The training is running parallel to the on-going five-day EAC conference on inter-religious collaboration to strengthen peace and security in East Africa. The EAC chief said that the role of the media in EAC integration should be to change the mindsets of people so as to easily and happily embrace the regional integration process. "But to do this, you yourselves need to develop a pro-East African mindset because with it, you will be able to see and write positively from the regional perspective" affirmed Amb. Sezibera.
Media houses and editors, he added, have unique opportunity to swing the pendulum of integration by telling accurately and in balanced way the so many positive work carried out in the Partner States.
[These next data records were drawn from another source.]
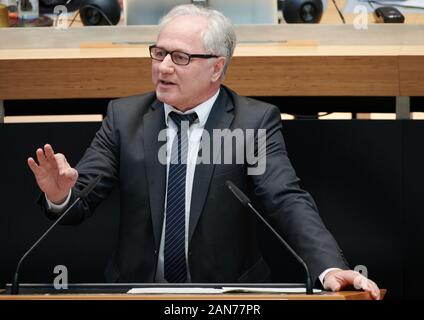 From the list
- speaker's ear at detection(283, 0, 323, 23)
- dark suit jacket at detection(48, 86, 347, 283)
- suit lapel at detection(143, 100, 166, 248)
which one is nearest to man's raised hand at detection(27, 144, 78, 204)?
dark suit jacket at detection(48, 86, 347, 283)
"It is extremely important that EA journalists assisted in the EAC's goals," he stressed.
The Secretary General later responded to myriad of questions from the journalists on the EAC integration process. The Secretary General was accompanied by the EAC Deputy Secretary General (in charge of Political Federation), Mr Charles Njoroge.
Also present at the occasion was Miriam Heidtmann, GIZ's Manager responsible for Peace and Security. The GIZ has facilitated both the inter-religious conference and the training of the journalists.
The scribes Thursday afternoon toured Nyamata Genocide Memorial site; a church where around 2,500 people were killed and it has become emblematic of the barbaric treatment of women during the 1994 genocide.
In the church, the scribes viewed the graphic and audio-visual displays focused particularly on the mass rape, brutalization of women and the use of HIV as a deliberate weapon of genocide. Earlier on Tuesday, addressing the opening of the journos training, the Head of EAC Corporate Communications and Public Affairs, Mr Owora Richard Othieno, said that religious issues were sensitive and must be handled with a lot of care and understanding for the unity of the East Africans.
"Your journalistic skills, experience, patience and mutual respect are absolutely necessary to report fairly on religious-related issues and events," he counselled.
The advance training is conducted by veteran journalists and consultants, Dr. Christopher Kayumba from Republic of Rwanda and Dr. Haron Mwangi from Republic of Kenya. The inaugural inter-religious conference, which is attended by over 150 delegates from the Partner States, will close on Saturday.